The corporation that produced the vehicle used the program developed by a software developer. It had no say on the code per se, and before installing it in their cars, it did pass rigorous testing imposed on the car companies by national authorities.

The programmer probably used the latest methodologies to develop correct code. Once the vehicle became operational, it started acquiring information based upon its own experiences on the road. In some cases, these cars even learn from the experiences of other vehicles.

Of course, the programmer has little control over what the machine actually knows once it is on the road. So we came around in a full circle, no one seems to be responsible, and we are none the wiser.

Conclusion

The challenge we are facing is to figure out the best way to push forward AI whilst creating solutions that we can trust and understand. Because of this, the move towards XAI is only natural.

Current AI models are opaque, non-intuitive, and complex for people to understand, but if we want people to trust AI systems’ autonomous decisions, users must understand, have confidence, and effectively manage it.

Apart from the issues mentioned earlier, there are also other considerations such as:

Algorithms and automation are becoming more pervasive. Many business challenges are being addressed with AI-driven analytics, and we’re seeing inroads in domains where the human expert was traditionally uncontested (E.g. medical diagnosis). AI can process much more data than human operators; they are faster and don’t get tired. On the other hand, we have to be careful since biases and erroneous decisions can spread more quickly.
AI models are becoming huge with millions of parameters, making them much more difficult to understand by human users. Some systems are being trained on human operators, but this is not sufficient to gain people’s trust. Furthermore, some models offer no control over the logic behind the algorithm, and there is no simple way of correcting any of its errors.
With the introduction of the European General Data Protection Regulation (GDPR) on May 25 2018, black-box approaches have become much more challenging to use in business since they cannot provide an explanation of their internal workings. GDPR also introduced the right of erasure apart from the right to be forgotten.

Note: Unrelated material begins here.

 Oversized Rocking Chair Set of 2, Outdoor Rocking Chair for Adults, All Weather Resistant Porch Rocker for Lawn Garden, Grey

So anyone can make a request to any organisation and demand the deletion of their personal data. However, this is much more complex than it sounds. It is not just a matter of removing ones’ personal data from search results. It has to be deleted from the knowledge-base storing that data, from crash recovery backups, from data mirrored in other datacenter and physically deleted from the hard-disk (rather than just removing the link). All of this renders the deletion task too complicated.

The challenge we are facing is to figure out the best way to push forward these innovations whilst creating solutions that we can trust and understand. We are not there yet, and AI should not be considered this magical deity we follow blindly.

On the other hand, we cannot ignore it and the advantages it can offer us. If we can manage to counter the challenges mentioned earlier, we can genuinely improve many people’s lives.